As of November 9, 2020, owners of partnerships and S corporations in those states allowing pass-through entities to pay state tax at the entity level can deduct those taxes on their federal returns with the U.S. Department of the Treasury’s blessing.
Under the Tax Cuts and Jobs Act of 2017, Congress limited an individual’s state and local tax deduction on the federal income tax return to $10,000 per year. Corporations, however, are not subject to the SALT deduction limit. States attempted several creative workarounds, and the Treasury quickly shut down the most egregious.
However, in January 2018, Connecticut enacted a law to tax pass-through entities at the entity level (a pass-through entity tax or PET). Tax practitioners posited that, if the entity paid the state tax, it could deduct the state taxes paid against the entity’s federally taxable income.

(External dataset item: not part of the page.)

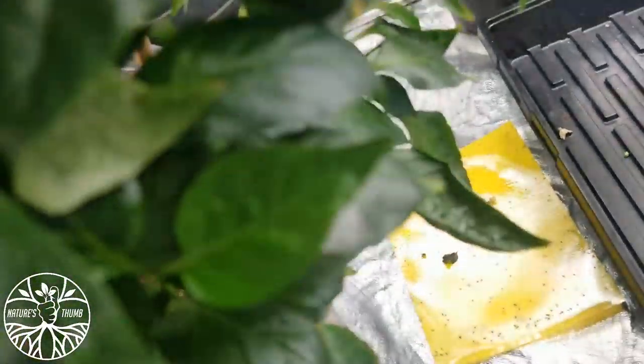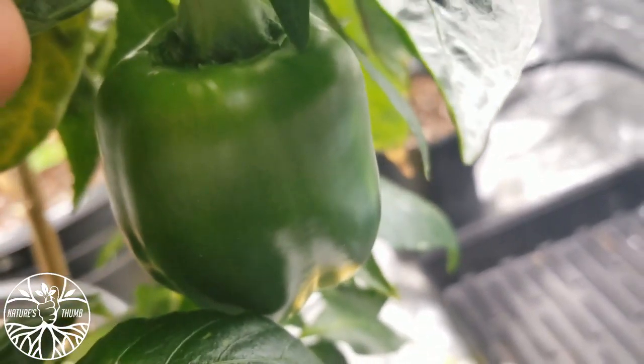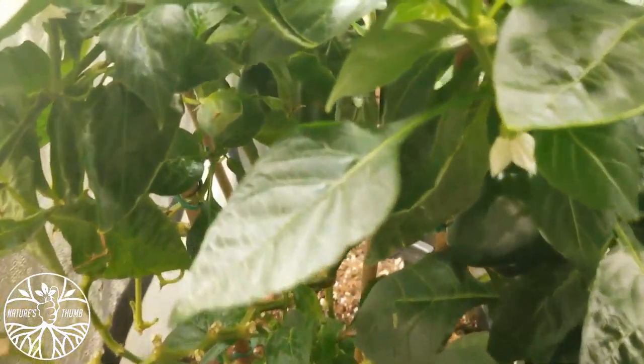Some more peppers hiding right here — get some pepper right there. They just be hiding, they just be hiding. But they're doing good, especially after the transfer into a five gallon squat pot.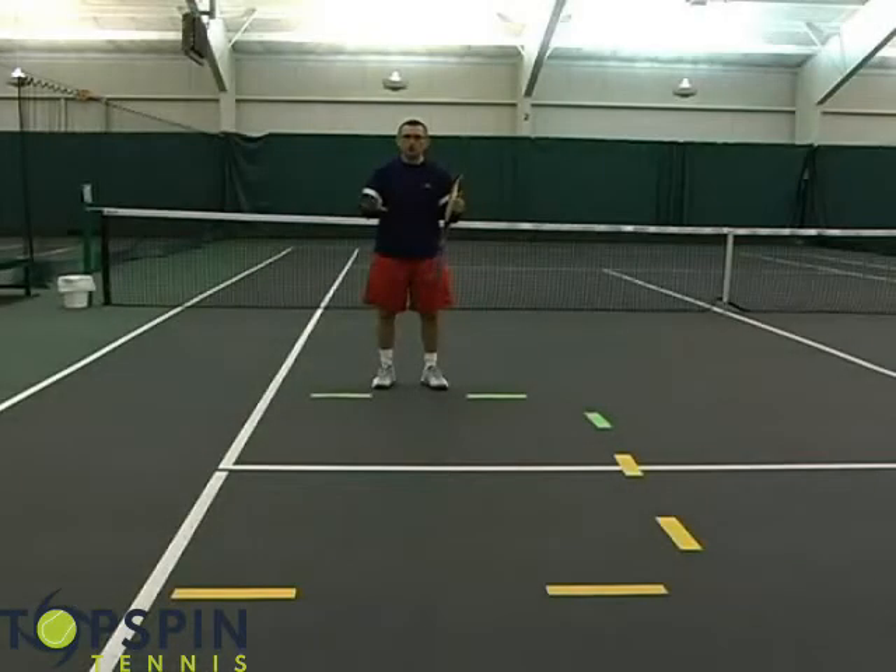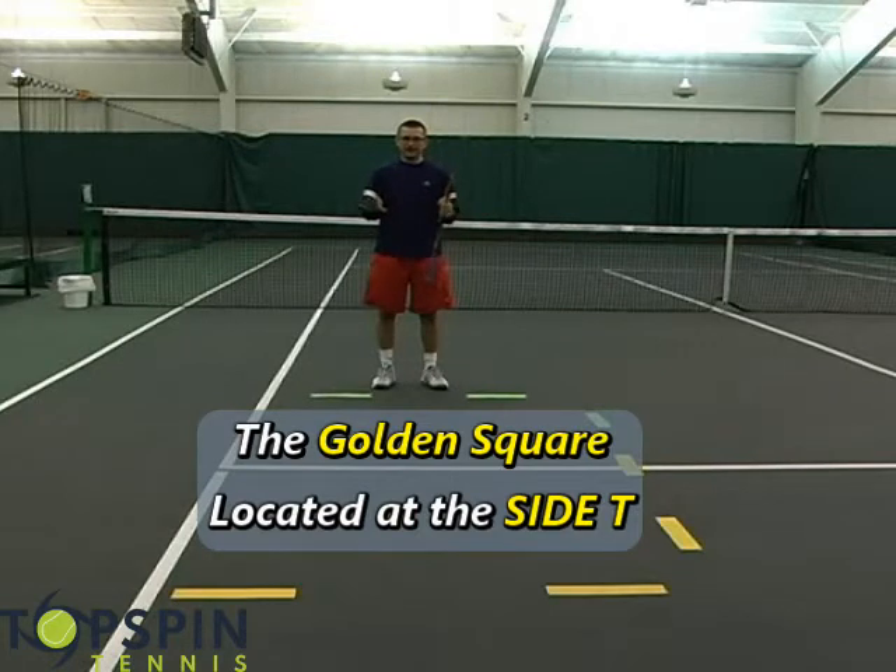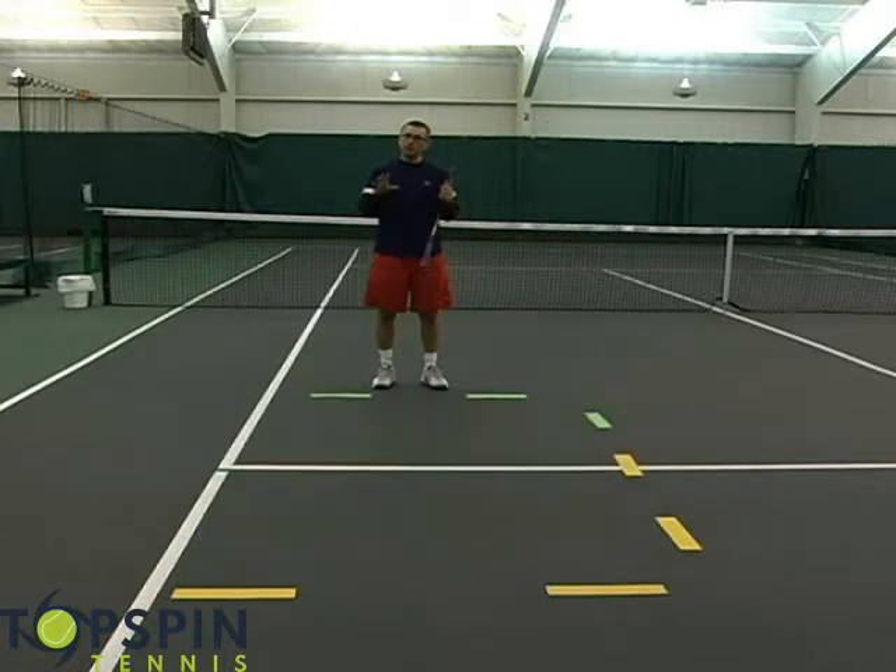A lot of players aren't familiar with where the golden square is. This drill will show your players where the golden square is and how to hit to that spot more often. Here's the golden square — it's an area that's utilized very well by the pros, the top players. The only way you can really hit this and be effective is with topspin.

This had the effect of passing the economic benefit of the uncapped state tax deduction to pass-through owners.
Connecticut’s legislation opened the door for several other states to enact similar PET legislation, with one important wrinkle; the subsequent states allowed passthrough entities to elect into the PET. Although practitioners were generally confident these PETs remained deductible, the Treasury announcement and expected proposed regulations from Treasury are a welcome confidence boost.
Treasury’s announcement Monday specified that the proposed regulations will provide that state taxes paid by pass-through entities and described under Section 164(b)(2) are deductible against U.S. federal income taxes, even if the entity could have instead elected to pass through the state tax liability to the entity owners.
Other states with elective PET laws include Wisconsin, Louisiana, Maryland, New Jersey and Oklahoma.